Artist and sculptor Paul Gagner is suspicious of artists who confidently tell grand narratives and act as future predictors. His project-space show titled The cut of my jib at Hashimoto Contemporary reflects the anxieties that plague and promulgate his creative process and the two states upholding it: isolation and exploration. A stylistic shapeshifter, Gagner distills his artistic anxieties succinctly into a visual work, offering wry musings on life as a creative and the eccentricity of tedious circumstances.
Never one to be self-serious in his intro- and extrospection, Gagner inserts humor and absurdity into traditional painting forms like the still life, the self-portrait, and the landscape, making fun of the artist as a lone discoverer. Plein air painting on Mars shows an astronaut painting a pink and purple Martian landscape, poking fun at an artistic final frontier, or the race to be the first depicting something new, extraordinary, out of this world. I spy keeps the subject and viewer on Earth, showing a single eyeball snaking through a spiral telescope to view a spider on its web. The explorer surpasses all the other bugs on the telescope’s surface, emphasizing the lengths one might go to discover something observable by the naked eye—something already in plain sight.
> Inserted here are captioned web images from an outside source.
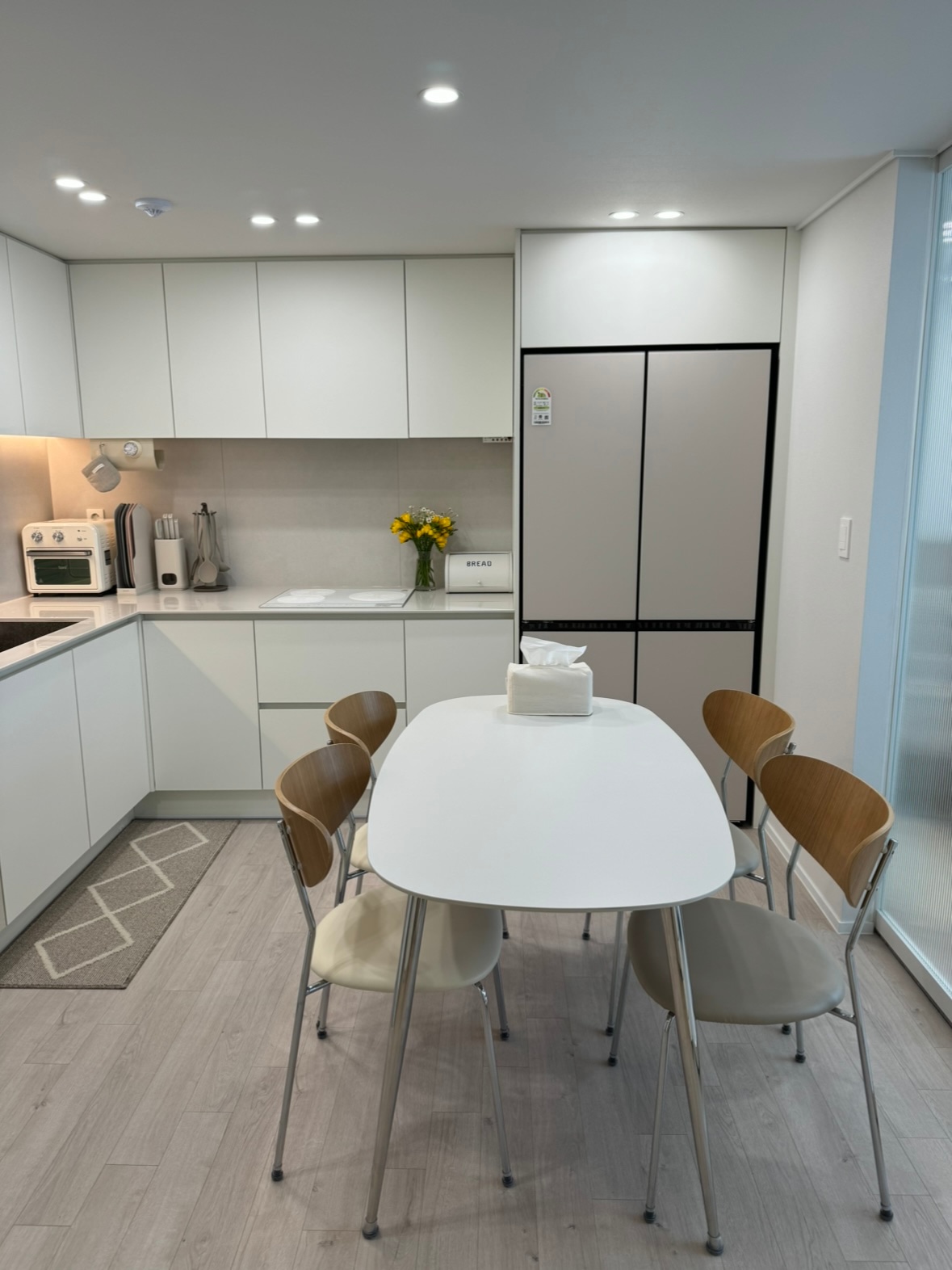 Wool Touch Diamond Sisal Look Kitchen Mat user photo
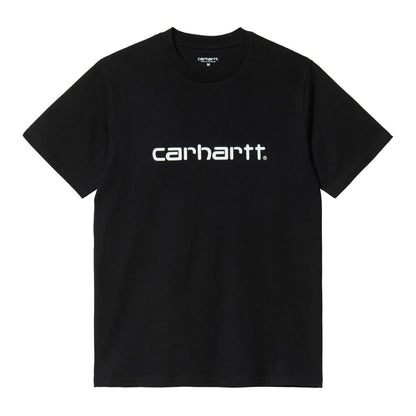 Carhartt WIP Script T-Shirt Black White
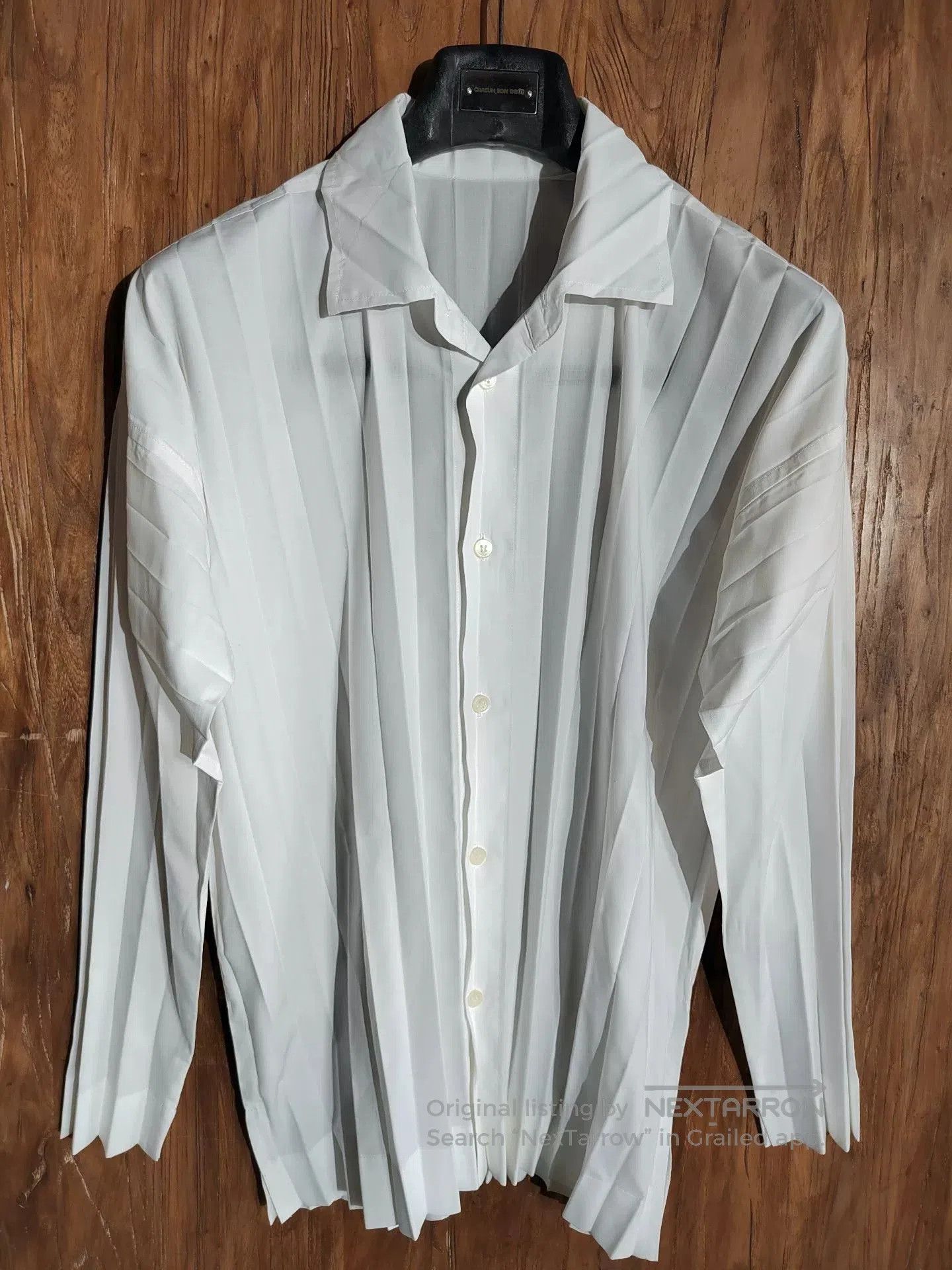Issey Miyake Issey Miyake Pleated White Shirt. Size L / US 10 / IT 46 - 1 Thumbnail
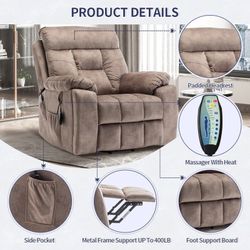 #492abc-Extra Wide Power Lift Recliner Chair with Massage and Heating 26 Inch Seat German OKIN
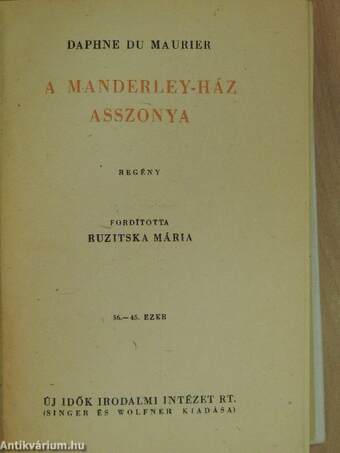 A Manderley-ház asszonya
Drawing attention to his anxieties around artmaking, the exhibition features a wide range of styles and subject matter, as though Gagner is multiple different artists. “I’m not interested in making ‘Paul Gagner paintings’”, he writes. “Instead, I try to pour everything into each one of my paintings as if I've never done this before”. This eclectic group of artworks showcases Gagner’s tumultuous identity as an artist, asking the viewer to assess the cut of his jib.
Paul Gagner was born in 1976 in rural Wisconsin. Currently, he is based in Brooklyn, New York. Gagner received my BFA from the School of Visual Arts in 2005, and his MFA from Brooklyn College in 2009. He has exhibited nationally and internationally. He loves coffee, beer, and ketchup. He loathes spiders, sneezing, and fanny packs.